Generally pet shop birds are hand reared even if they say they are. My local sets different prices for hand reared and parent reared birds, and even then I still think it is doubtful. 

If you can I would definately get a companion and make them aviary birds. They really don't make good pets, as someone has previously said they generally are very flighty. Occasionally you find ones that are exceptions, but they truely are that, exceptions. 

Good luck with whatever you choose to do.


----------



## closer (Feb 11, 2008)

Thanks everyone for the information, i feel bad for him now  If i knew he needed to be in an avairy i would of thought twice about getting him  I dont want him to be unhappy.

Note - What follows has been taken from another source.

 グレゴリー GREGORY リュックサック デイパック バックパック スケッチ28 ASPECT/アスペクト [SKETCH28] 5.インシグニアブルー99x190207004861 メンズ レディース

I dont have no garden for an avairy, do you think it would be best to sell him to someone who has an avairy ??? as i dont want him to be unhappy for most of his life in a parrot cage. 

Thanks again though everyone


----------



## Sarahhampson (Oct 19, 2010)

My mum has an Indian ring neck she lives in our living room with our cockateil they are best friend but she will sit and look and chat to us but won't let us go anywhere near her cage is open all day so she can fly if she wants in my opinion she is happy I wouldn't put her in an aivry


----------



## Nike_T7 (Jun 14, 2010)

closer said:


> Thanks everyone for the information, i feel bad for him now  If i knew he needed to be in an avairy i would of thought twice about getting him  I dont want him to be unhappy. I dont have no garden for an avairy, do you think it would be best to sell him to someone who has an avairy ??? as i dont want him to be unhappy for most of his life in a parrot cage.
> 
> Thanks again though everyone


They are al'ight in cage unless you provide them a lots of flighting times like I did with my old IRN and he was pretty happy to interact to me. I disagree with some of them above. You're better to be off to look for advice on this forum (IndianRingNeck.com • Index page). Even I know lots of people who keep IRN in a cage and they're pretty happy. : victory:


----------



## Zoo-Man (Apr 12, 2008)

Nike_T7 said:


> *They are al'ight in cage unless you provide them a lots of flighting times* like I did with my old IRN and he was pretty happy to interact to me. I disagree with some of them above. You're better to be off to look for advice on this forum (IndianRingNeck.com • Index page). Even I know lots of people who keep IRN in a cage and they're pretty happy. : victory:


I take it you mean AS LONG AS, not unless ^^^

I disagree - I have yet to meet a happy caged Ring-Neck, & I've seen plenty. All the ones I've seen have been flighty, easily stressed, anxiously loud, & have not shown any eagerness to seek human companionship.


----------



## draco23 (Oct 31, 2011)

I have personal experience of keeping IRN's .... both in an aviary and caged, and would like to say that all of the comments are true. I had one as a caged pet for 15 years, and can honestly say I couldnt of asked for a better pet. He was handtame, talking, loved his cuddles and would come out of his cage regulary, coaxed or not. When he'd had enough he would return to the safe haven of his cage himself. People will argue that he was a rare example, but I am of the belief that with alot of time and patience you can keep an IRN as a handtame pet. I have read in this thread that they tend to revert back to their wild ways with age ...... I disagree ..... It is more likley that the owners have got bored of the pet, or cannot give it the time and effort they first did in the early days of ownership.


----------